Smart collaboration

from Wikipedia, the free encyclopedia

Smart Collaboration encompasses personnel, organizational measures, methods and procedures from the areas of project and knowledge management as well as hardware and software technical solutions. These serve for time and location-independent as well as resource-efficient cooperation in flat, networked structures.

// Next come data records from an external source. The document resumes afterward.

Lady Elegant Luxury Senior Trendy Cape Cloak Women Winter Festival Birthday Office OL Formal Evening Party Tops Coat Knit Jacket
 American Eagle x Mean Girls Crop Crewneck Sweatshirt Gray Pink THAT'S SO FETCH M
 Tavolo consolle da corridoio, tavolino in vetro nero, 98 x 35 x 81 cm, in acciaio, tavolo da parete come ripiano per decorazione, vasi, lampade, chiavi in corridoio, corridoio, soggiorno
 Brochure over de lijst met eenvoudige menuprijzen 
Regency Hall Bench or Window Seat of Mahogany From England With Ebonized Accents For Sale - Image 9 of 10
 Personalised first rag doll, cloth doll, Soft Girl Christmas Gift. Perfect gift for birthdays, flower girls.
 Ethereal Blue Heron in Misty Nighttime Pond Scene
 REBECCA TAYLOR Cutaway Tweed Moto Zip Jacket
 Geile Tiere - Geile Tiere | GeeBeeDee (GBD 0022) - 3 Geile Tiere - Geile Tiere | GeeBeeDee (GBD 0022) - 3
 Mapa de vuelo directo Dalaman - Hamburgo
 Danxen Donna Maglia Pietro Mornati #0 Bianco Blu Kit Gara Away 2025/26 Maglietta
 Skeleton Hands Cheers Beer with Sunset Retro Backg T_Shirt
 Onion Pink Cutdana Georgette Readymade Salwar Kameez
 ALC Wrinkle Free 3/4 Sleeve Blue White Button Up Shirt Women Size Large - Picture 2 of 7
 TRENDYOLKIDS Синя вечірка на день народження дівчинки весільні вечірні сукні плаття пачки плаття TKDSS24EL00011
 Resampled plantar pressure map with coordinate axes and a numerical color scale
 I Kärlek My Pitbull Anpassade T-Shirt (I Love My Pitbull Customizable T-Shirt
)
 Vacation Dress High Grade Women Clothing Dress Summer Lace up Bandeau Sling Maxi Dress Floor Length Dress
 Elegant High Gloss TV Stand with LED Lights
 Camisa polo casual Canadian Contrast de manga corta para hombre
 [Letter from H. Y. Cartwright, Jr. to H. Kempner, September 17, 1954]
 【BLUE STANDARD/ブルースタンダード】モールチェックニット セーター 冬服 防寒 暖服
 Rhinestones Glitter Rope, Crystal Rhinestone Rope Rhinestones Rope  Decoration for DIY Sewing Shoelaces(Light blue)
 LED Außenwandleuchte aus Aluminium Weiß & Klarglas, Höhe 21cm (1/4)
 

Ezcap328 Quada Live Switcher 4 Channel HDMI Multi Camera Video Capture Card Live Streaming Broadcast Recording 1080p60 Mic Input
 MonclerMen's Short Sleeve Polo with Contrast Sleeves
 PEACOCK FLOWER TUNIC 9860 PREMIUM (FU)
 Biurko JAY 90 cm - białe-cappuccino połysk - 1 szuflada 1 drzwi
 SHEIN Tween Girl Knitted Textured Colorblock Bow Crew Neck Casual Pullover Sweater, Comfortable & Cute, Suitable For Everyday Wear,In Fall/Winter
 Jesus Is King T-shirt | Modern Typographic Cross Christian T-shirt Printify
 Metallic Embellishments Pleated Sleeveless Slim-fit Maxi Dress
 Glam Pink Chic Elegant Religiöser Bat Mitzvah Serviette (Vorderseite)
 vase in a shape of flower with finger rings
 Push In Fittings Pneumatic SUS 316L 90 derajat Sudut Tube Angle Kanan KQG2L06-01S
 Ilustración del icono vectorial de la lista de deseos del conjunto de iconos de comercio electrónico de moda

Technologies from the areas of collaboration software , social software , often also as mobile applications such as smartphones and apps , often play an important role . That is why the term is often used as a synonym for social collaboration and, in the case of internal organizational collaboration, also for social intranet . However, these two terms usually fall short when it comes to considering organizational, cultural and management aspects. Here, the proximity to the term Enterprise 2.0 is greater if one adopts a more holistic view like that of Davenport. According to him, Enterprise 2.0, which arose from the operational use of Web 2.0 technologies, is now socio-technical systems with which the networked collaboration of individuals and groups is promoted. He sees a foundation more in knowledge management than in technology, where the simple MTO model (human-technology-organization) was developed to describe socio-technical systems . The use of social or collaboration software is also not constitutive for smart collaboration. In other words, depending on the task, participants, organization and corporate culture , tools and methods that are not supported by IT may or may not be used. Smart Collaboration can take place within a company, a non-profit organization , an institution, or across organizations with business, cooperation partners, members (in member organizations such as associations, clubs), customers or in the public space with people or groups . The decentralized cooperation is increasingly self-organized online in the Internet, extra or intranet due to its greater efficiency and flexibility.

Web technologies (categories) and application areas from a company / organization perspective

See also

Web links

Individual evidence

  1. ^ McAfee, Andrew (2006): Enterprise 2.0 : The Dawn of Emergent Collaboration (PDF; 444 kB). In: MIT Sloan Management Review, Vol. 47, H. 3, pp. 20-28
  2. Frank Schönefeld: Social Intranet The new role of the intranet for the digital workplace . Carl Hanser Verlag 2011, Munich
  3. ^ D. Miles, 2009. Collaboration and Enterprise 2.0 - Work-meets-play or the future of business ?. emc.com (PDF; 1.4 MB)
  4. Tom Davenport. Enterprise 2.0: The New, New Knowledge Management? . Harvard Business Review. Retrieved April 18, 2013.